Non-Competition and Non-Solicitation
A non-solicitation agreement prohibits an employee that has quit or been fired from their job from encouraging their former customers or colleagues to move with them to their new job.
A non-competition agreement prohibits an employee that has quit or been fired from their job from working for a competitor.
Non-competition agreements and non-solicitation agreements are generally presumed to be unenforceable, unless in the circumstances, it is reasonable to restrict the employee from specific activities that might harm their former employer. This means that a non-competition or non-solicitation restriction cannot be any wider than is reasonably required to protect the former employer’s interests.

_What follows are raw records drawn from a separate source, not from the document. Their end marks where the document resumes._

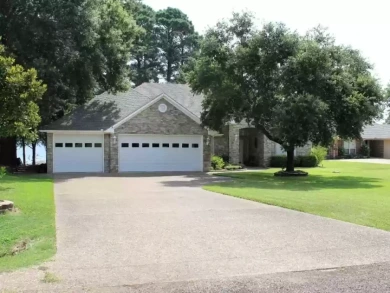 Lake Palestine Home For Sale in Frankston Texas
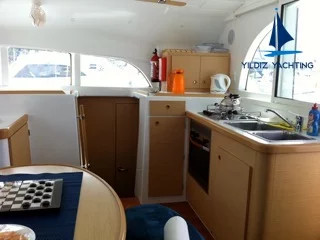 Lagoon 380 S2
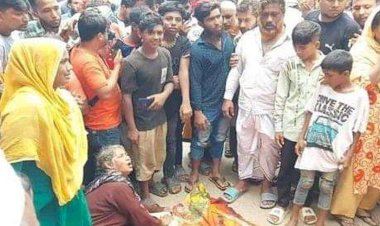 নরসিংদীতে প্রকাশ্যে যুবককে কুপিয়ে হত্যা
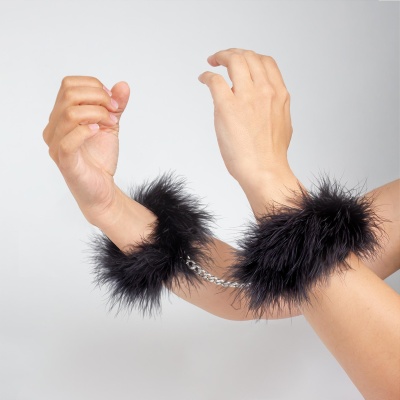BLACK MARABOU HANDCUFFS - 1 2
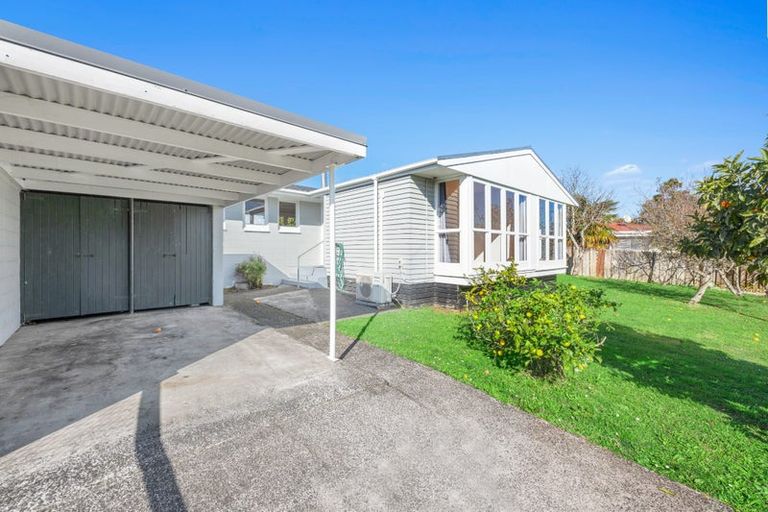 Photo of property in 1 Totara Street, Waiuku, 2123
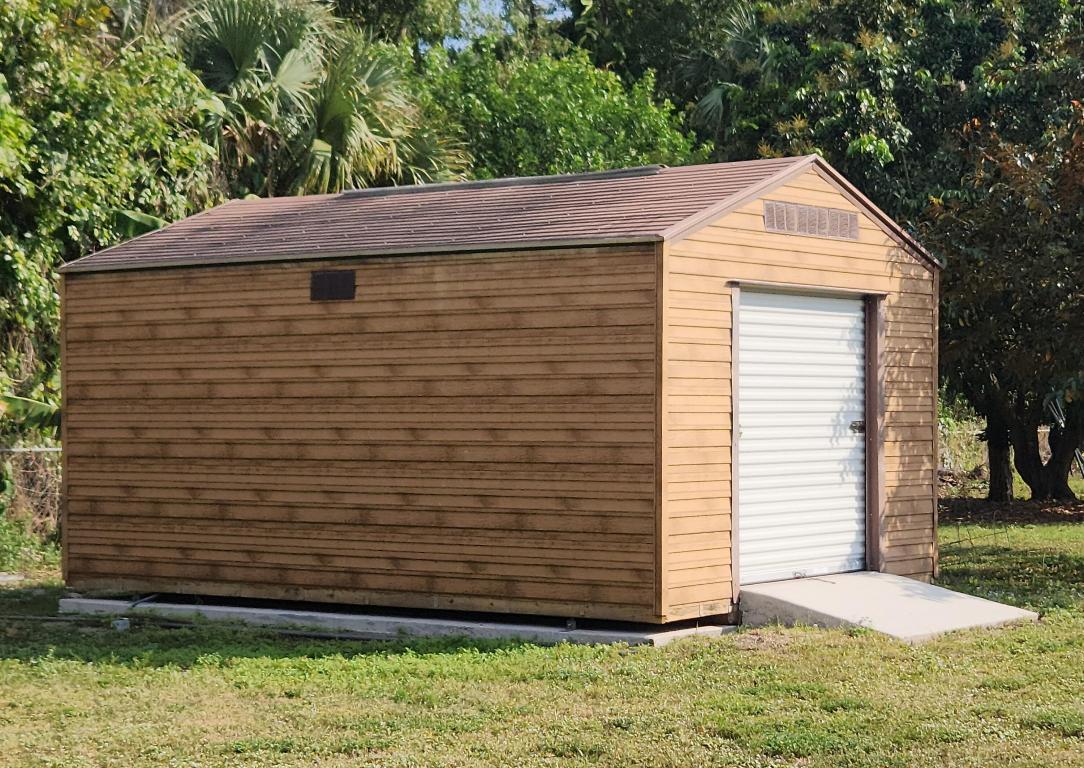 LOXAHATCHEE GROVES - Residential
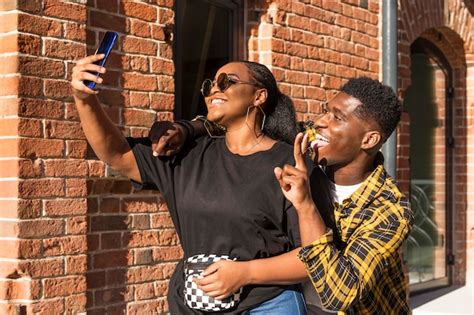 Melhores Amigos Tirando Uma Selfie Juntos Foto Gr Tis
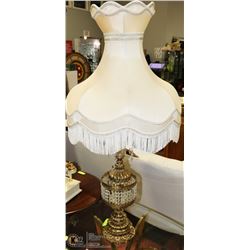 VINTAGE BRASS TABLE LAMP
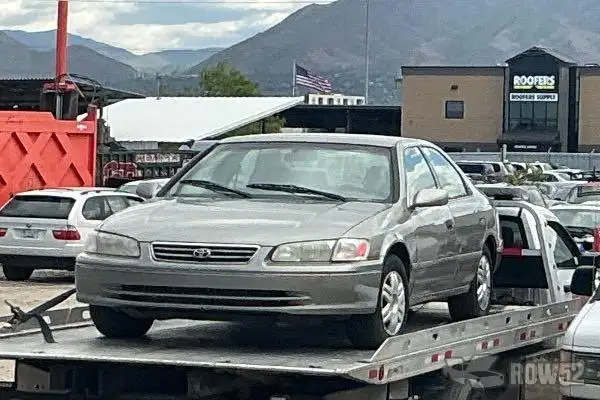 Photo of 2000 Toyota Camry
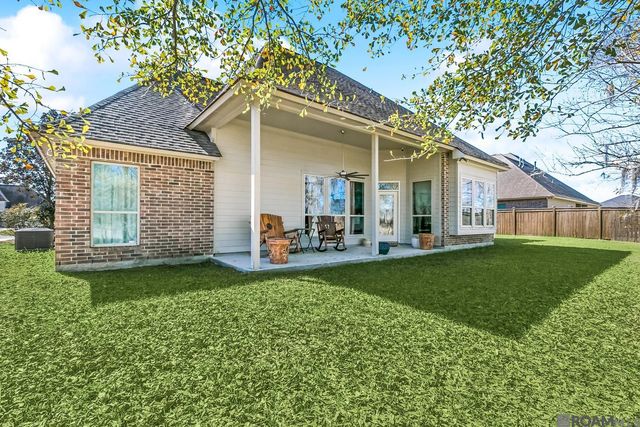 2913 Country Lake Dr, Zachary, LA 70791
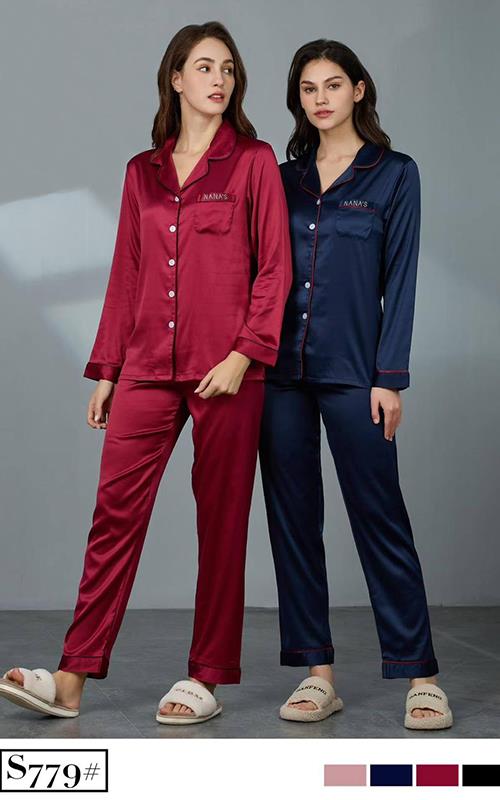 S779 Pijama de satén para mujer.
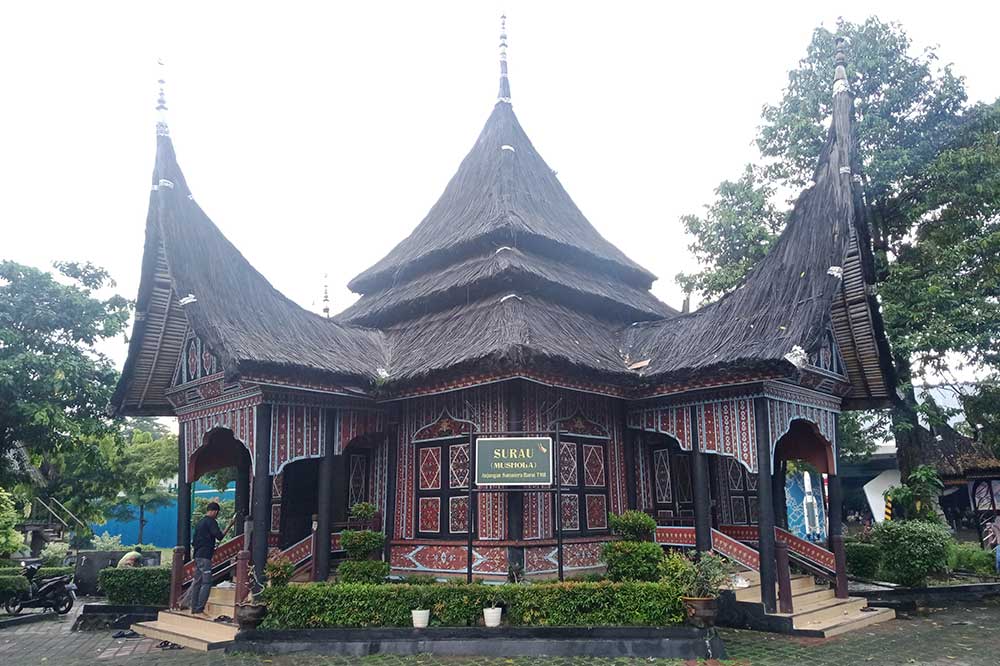 Mengenal kekayaan budaya Indonesia melalui wisata di TMII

To determine if a restriction is a reasonable, the courts will consider:
How long the restriction will last for;
The geographic region included in the restriction;
What specific activities are prohibited; and
Overall fairness.
The courts will also look at whether the restriction is ambiguous or vague, and if there are any public interest concerns. For example, while courts appreciate a company’s right to protect its interests, courts are hesitant to prohibit people from earning a living. For that reason, a narrow non-competition agreement or non-solicitation agreement is more likely to be enforceable than a broader agreement. Similarly, if a confidentiality agreement or a non-solicitation clause will adequately protect a company’s interests, the courts may refuse to enforce a non-competition agreement.
Many employment agreements (including template agreements you might find online), include non-competition and non-solicitation agreements that the courts may refuse to enforce. For that reason, we do encourage you to seek legal advice before signing or asking an employee to sign a non-competition or non-solicitation agreement.